The judgment should be affirmed.

CHARLES P. DALY, Ch. J., and LARREMORE, J., con

curred.

Judgment affirmed.

Betz v. Conner.

JOHN J. BETZ, Respondent, against WILLIAM C. CONNER, Sheriff of the city and county of New York et al. Appellants.

(Decided April 1st, 1878.)

Where after a levy and sale by the sheriff of personal property of an execution debtor which before the sale is kept and used by the debtor in his own name on the premises where he resides, the property after the sale remains in the same premises still occupied by the debtor, and is used and controlled by him in all respects as before, except that after the sale he acts as agent of the purchaser at the execution sale:-Held, that the change of possession is constructive and not actual, and the sale is, under the Statute of Frauds, presumptively fraudulent as against creditors of the person whose property is thus sold.

The fact that the sale is made by the sheriff under a valid execution, instead of being made directly by the execution debtor to the vendee, makes no difference in the application of that statute.

Where, at the close of the case, counsel made requests to charge several propositions of law applicable to the case, and the court afterwards in its charge did not include or refer to the points requested, and subsequently on its attention being called to the omission, refused to alter its charge,-Held, that exceptions then taken to each refusal to charge as before requested were specifically taken and were to be considered on appeal.

APPEAL from a judgment in favor of the plaintiff, entered upon a verdict rendered at a trial before GEO. M. VAN HOESEN, J., and a jury, and from an order denying a motion made upon the minutes for a new trial.

This action was brought by Betz to recover damages for levying on and selling goods of the plaintiff in his premises at the foot of 71st street, East River, and for levying on property and interfering with plaintiff's business at the brewery at 60th street and 9th avenue. The defence was justification under executions against one Michael Groh who, it was alleged, had a leviable interest in the property in question and carried on the business at the places named.

A. J. Vanderpoel and H. W. Bookstaver, for appellants.

Betz v. Conner.

Thomas Allison, for respondent.

JOSEPH F. DALY, J.-The judgment debtor, Michael Groh, carried on the brewery and saloon business at 60th street and 9th avenue for a long time prior to March 11th, 1875, and on that day all his property on the premises was sold by the sheriff, under six executions issued upon judgments in favor of the German Exchange Bank against him.
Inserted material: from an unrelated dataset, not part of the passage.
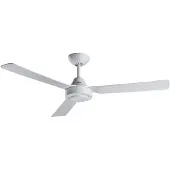 BAYSIDE Calypso takfläkt, vit, Ø 122 cm, tystgående – Beacon , Bayside Calypso, Vit, Vardagsrum, Plast, Modern
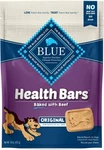 Blue Buffalo Health Bars Natural Crunchy Dog Treats Biscuits. Fixed Price $9.22.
The plaintiff, Betz, purchased all the property at the sale. The day before the sale Betz proposed to Groh that in case he, Betz, bought the brewery he would hire Groh to run it. Immediately after the sale, by an agreement in writing, Betz hired Groh to manage the brewery at a salary of $150 a month, with the proviso that Betz might terminate the hiring by one month's notice. Groh thereupon entered upon the premises and managed the business; the old checks and bill-heads were used with the word "agent" added to Michael Groh's name; the bank account was kept in the name of "Michael Groh, agent;" but Betz furnished the money and material to carry on the business; attended to and looked after the business every day; bought the lease of the brewery which Groh held, and which was sold by the sheriff; took a new lease in his own name when that expired in September, 1875; and the business of the concern with the U. S. Revenue department was transacted in his name, and dealers with the concern were informed that he was owner; the premises (vaults) at the foot of 71st street, East River, were hired by Groh in his own name but for Betz, after the sale, and the property stored there was manufactured at the brewery at 9th avenue and 61st street under new arrangements; Groh's sign, however, remained up over the bar after the sale for about a year; Groh's name was kept on the wagons, and on the checks as well as the billheads; Groh and his family resided at the premises 61st street and 9th avenue after the sale as they had before it ; he was general manager of the brewery after the sale; he "ran the machine," to use his own expression, for Betz.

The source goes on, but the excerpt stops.